39In quei giorni Maria si alzò e andò in fretta verso la regione montuosa, in una città di Giuda. 40Entrata nella casa di Zaccaria, salutò Elisabetta. 41Appena Elisabetta ebbe udito il saluto di Maria, il bambino sussultò nel suo grembo. Elisabetta fu colmata di Spirito Santo 42ed esclamò a gran voce: «Benedetta tu fra le donne e benedetto il frutto del tuo grembo! 43A che cosa devo che la madre del mio Signore venga da me? 44Ecco, appena il tuo saluto è giunto ai miei orecchi, il bambino ha sussultato di gioia nel mio grembo. 45E beata colei che ha creduto nell'adempimento di ciò che il Signore le ha detto».
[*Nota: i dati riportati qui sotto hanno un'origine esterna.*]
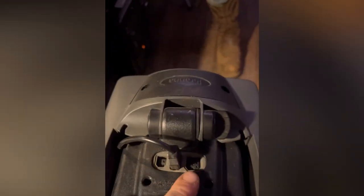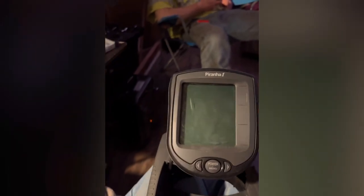This is my Piranha fish finder and depth finder. Right there is where you plug the transducer cable in, and it runs off of double-A batteries that go into the back part right here.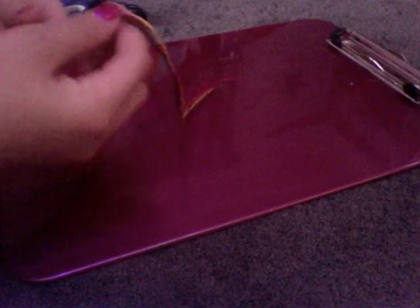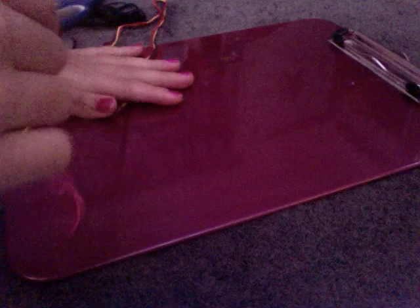You're going to want to cut your embroidery thread basically about your arm span, or any length that you think you need, and you're just going to fold it in half like this, and then you're going to knot it at the top and put it in your clipboard.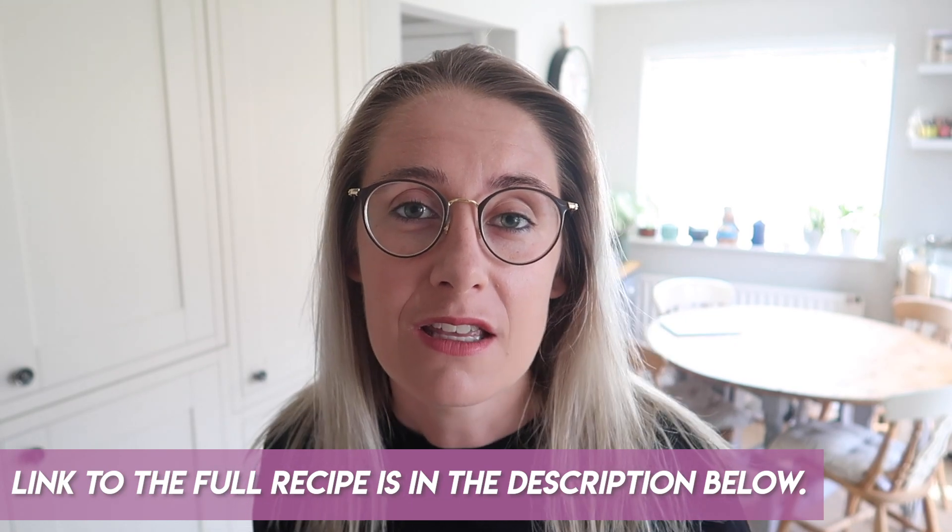Today I thought I would show you how to make slutty brownies. Now before you run away and think what the hell are they, I'll quickly tell you it's very simple. It's like a brookie, so you've got a cookie base, you've got a brownie bit, and then you've got a slutty middle which is just like Oreos — supposedly Oreos are slutty. I don't really get the name, but that's what they're called so we are gonna go with it.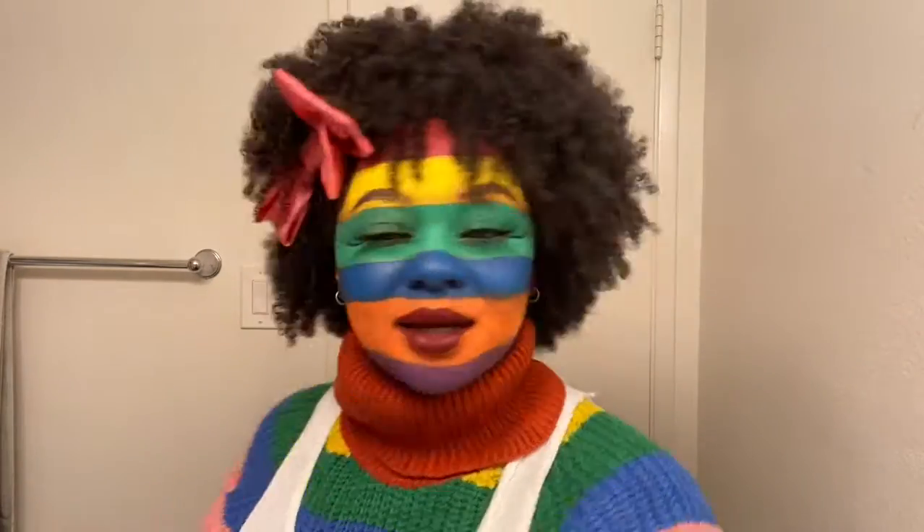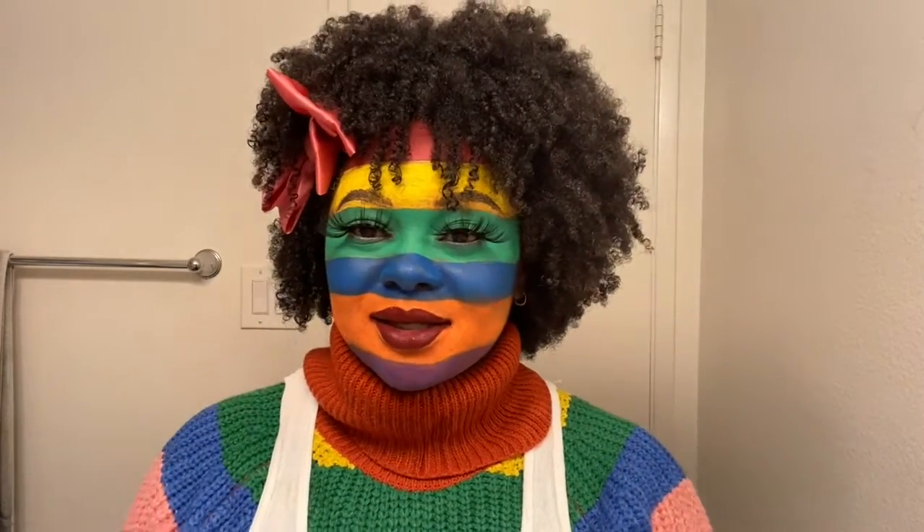Thank you for sticking with me through this Bad Case of Stripes look — this was really fun! I'm going to drop some after photos from the shoot and I can't wait to share them. I hope you guys can recreate this on your own. If you have suggestions for Halloween looks, hit me in the comments below. Subscribe to Amber Simone — love you, peace!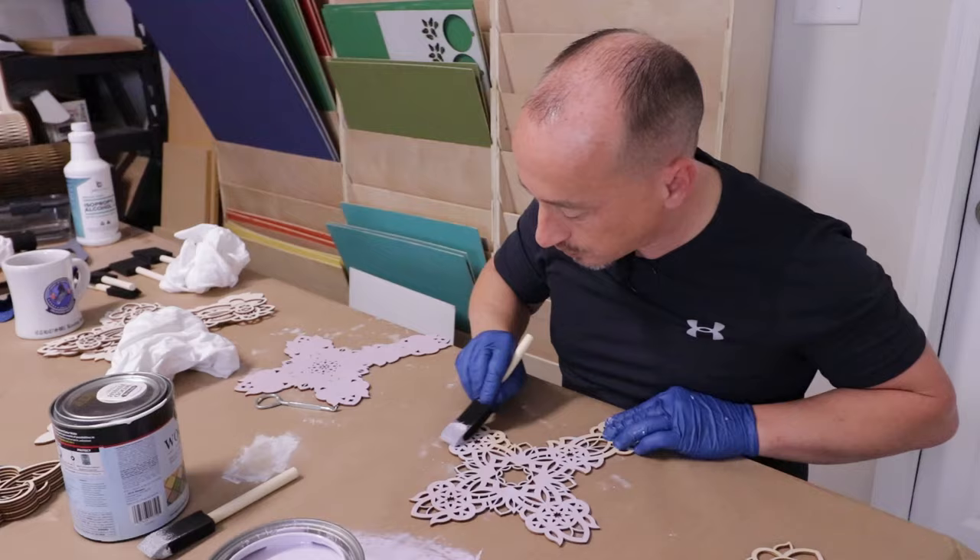So now you get the idea of the glue-ups. Step by step, each one I clamp up — usually by the time I get enough glue on the next one to clamp it, it's ready to come out of the clamps from the previous one. Usually no more than a minute or two. So far these two are all glued up and just waiting. I'll get the other three done and then we'll get them sprayed with some lacquer and see just how good they turn out.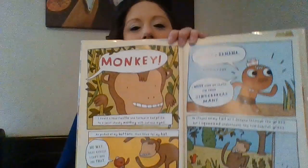Are you guys ready for the next riddle? All right. Riddle number two. I scurry, I screech and I swing from my tail. I'm hanging around on the small primate trail. I love sweet bananas and I'm feisty and spunky. I know, I shouted. It has to be a monkey! I heard a loud rustle and turned in surprise to a small cheeky monkey with curious eyes. He peeked at my buttons then tried for my hat. No way, silly rascal! I can't give you that.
Il tema Antico e Nuovo Testamento si incontrano in queste due donne. Senza il Messia la Promessa sarebbe una triste illusione. Senza la Promessa il Messia sarebbe una "nuova ideologia" come tante. Nessuno si spiega senza l'altro.
In questo brano, molto delicato, si intrecciano le storie di due donne che rappresentano il culmine dell'attesa e il principio del compimento: l'Antico e il Nuovo Testamento che si incontrano e si abbracciano.
Questa visita va ben oltre il significato di affetto umano tra le due cugine. L'anziana Elisabetta porta in sé l'attesa di tutta l'umanità. La giovane Maria porta in sé l'atteso di tutta l'umanità.
Maria porta in sé il Figlio di Dio, piccolissimo, di pochi giorni, che va a visitare il suo popolo che lo attende. E Giovanni, che lo riconosce, prefigura ciò che avverrà alla fine dei tempi: il riconoscimento del Signore da parte di tutto Israele (Romani 11,26).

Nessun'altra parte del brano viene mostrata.